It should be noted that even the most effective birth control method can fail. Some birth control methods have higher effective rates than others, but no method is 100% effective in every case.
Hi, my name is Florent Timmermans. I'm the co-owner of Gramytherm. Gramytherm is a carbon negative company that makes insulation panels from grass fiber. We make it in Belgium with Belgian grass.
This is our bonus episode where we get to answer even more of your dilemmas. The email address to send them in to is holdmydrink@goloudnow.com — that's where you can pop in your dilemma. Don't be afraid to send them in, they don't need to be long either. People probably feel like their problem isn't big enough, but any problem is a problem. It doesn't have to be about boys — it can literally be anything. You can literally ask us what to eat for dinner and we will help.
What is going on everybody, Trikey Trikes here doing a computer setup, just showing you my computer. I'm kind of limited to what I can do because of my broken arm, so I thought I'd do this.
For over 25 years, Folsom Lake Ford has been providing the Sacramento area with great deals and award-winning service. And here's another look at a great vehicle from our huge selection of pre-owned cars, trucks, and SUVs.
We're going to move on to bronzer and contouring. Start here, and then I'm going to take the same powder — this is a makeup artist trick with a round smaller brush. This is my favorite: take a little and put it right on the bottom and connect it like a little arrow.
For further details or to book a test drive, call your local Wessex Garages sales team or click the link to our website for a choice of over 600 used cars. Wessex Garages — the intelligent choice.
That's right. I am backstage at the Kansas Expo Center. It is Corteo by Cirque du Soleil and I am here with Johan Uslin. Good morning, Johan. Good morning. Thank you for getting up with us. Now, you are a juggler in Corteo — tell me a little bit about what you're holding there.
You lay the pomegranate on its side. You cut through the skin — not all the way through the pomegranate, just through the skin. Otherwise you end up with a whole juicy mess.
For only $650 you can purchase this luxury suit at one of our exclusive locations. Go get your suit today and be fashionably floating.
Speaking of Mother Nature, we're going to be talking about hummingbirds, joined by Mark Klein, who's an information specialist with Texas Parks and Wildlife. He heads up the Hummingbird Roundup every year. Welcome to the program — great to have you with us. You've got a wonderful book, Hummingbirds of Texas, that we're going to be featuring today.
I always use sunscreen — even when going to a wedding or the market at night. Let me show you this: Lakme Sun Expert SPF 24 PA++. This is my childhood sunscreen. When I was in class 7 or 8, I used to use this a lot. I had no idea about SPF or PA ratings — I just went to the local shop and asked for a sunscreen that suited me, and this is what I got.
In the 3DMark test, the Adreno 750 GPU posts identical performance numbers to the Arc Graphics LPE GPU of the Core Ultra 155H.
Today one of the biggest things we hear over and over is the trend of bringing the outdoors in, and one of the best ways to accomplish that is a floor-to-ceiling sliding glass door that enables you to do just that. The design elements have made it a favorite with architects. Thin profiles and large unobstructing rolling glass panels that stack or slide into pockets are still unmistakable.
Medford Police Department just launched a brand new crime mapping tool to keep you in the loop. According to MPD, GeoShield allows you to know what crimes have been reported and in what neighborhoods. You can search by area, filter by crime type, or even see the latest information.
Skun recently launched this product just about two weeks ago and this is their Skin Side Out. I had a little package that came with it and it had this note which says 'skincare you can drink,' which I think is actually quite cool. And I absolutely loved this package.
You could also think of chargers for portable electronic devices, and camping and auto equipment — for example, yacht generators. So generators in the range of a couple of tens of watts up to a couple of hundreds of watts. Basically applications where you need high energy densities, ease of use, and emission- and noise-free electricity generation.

++++++++

_ASSIGNMENT_.
Produce a verbatim transcription of the entries above.

_ANSWER TO THIS PROBLEM_.
It should be noted that even the most effective birth control method can fail. Some birth control methods have higher effective rates than others, but no method is 100% effective in every case.
Hi, my name is Florent Timmermans. I'm the co-owner of Gramytherm. Gramytherm is a carbon negative company that makes insulation panels from grass fiber. We make it in Belgium with Belgian grass.
This is our bonus episode where we get to answer even more of your dilemmas. The email address to send them in to is holdmydrink@goloudnow.com — that's where you can pop in your dilemma. Don't be afraid to send them in, they don't need to be long either. People probably feel like their problem isn't big enough, but any problem is a problem. It doesn't have to be about boys — it can literally be anything. You can literally ask us what to eat for dinner and we will help.
What is going on everybody, Trikey Trikes here doing a computer setup, just showing you my computer. I'm kind of limited to what I can do because of my broken arm, so I thought I'd do this.
For over 25 years, Folsom Lake Ford has been providing the Sacramento area with great deals and award-winning service. And here's another look at a great vehicle from our huge selection of pre-owned cars, trucks, and SUVs.
We're going to move on to bronzer and contouring. Start here, and then I'm going to take the same powder — this is a makeup artist trick with a round smaller brush. This is my favorite: take a little and put it right on the bottom and connect it like a little arrow.
For further details or to book a test drive, call your local Wessex Garages sales team or click the link to our website for a choice of over 600 used cars. Wessex Garages — the intelligent choice.
That's right. I am backstage at the Kansas Expo Center. It is Corteo by Cirque du Soleil and I am here with Johan Uslin. Good morning, Johan. Good morning. Thank you for getting up with us. Now, you are a juggler in Corteo — tell me a little bit about what you're holding there.
You lay the pomegranate on its side. You cut through the skin — not all the way through the pomegranate, just through the skin. Otherwise you end up with a whole juicy mess.
For only $650 you can purchase this luxury suit at one of our exclusive locations. Go get your suit today and be fashionably floating.
Speaking of Mother Nature, we're going to be talking about hummingbirds, joined by Mark Klein, who's an information specialist with Texas Parks and Wildlife. He heads up the Hummingbird Roundup every year. Welcome to the program — great to have you with us. You've got a wonderful book, Hummingbirds of Texas, that we're going to be featuring today.
I always use sunscreen — even when going to a wedding or the market at night. Let me show you this: Lakme Sun Expert SPF 24 PA++. This is my childhood sunscreen. When I was in class 7 or 8, I used to use this a lot. I had no idea about SPF or PA ratings — I just went to the local shop and asked for a sunscreen that suited me, and this is what I got.
In the 3DMark test, the Adreno 750 GPU posts identical performance numbers to the Arc Graphics LPE GPU of the Core Ultra 155H.
Today one of the biggest things we hear over and over is the trend of bringing the outdoors in, and one of the best ways to accomplish that is a floor-to-ceiling sliding glass door that enables you to do just that. The design elements have made it a favorite with architects. Thin profiles and large unobstructing rolling glass panels that stack or slide into pockets are still unmistakable.
Medford Police Department just launched a brand new crime mapping tool to keep you in the loop. According to MPD, GeoShield allows you to know what crimes have been reported and in what neighborhoods. You can search by area, filter by crime type, or even see the latest information.
Skun recently launched this product just about two weeks ago and this is their Skin Side Out. I had a little package that came with it and it had this note which says 'skincare you can drink,' which I think is actually quite cool. And I absolutely loved this package.
You could also think of chargers for portable electronic devices, and camping and auto equipment — for example, yacht generators. So generators in the range of a couple of tens of watts up to a couple of hundreds of watts. Basically applications where you need high energy densities, ease of use, and emission- and noise-free electricity generation.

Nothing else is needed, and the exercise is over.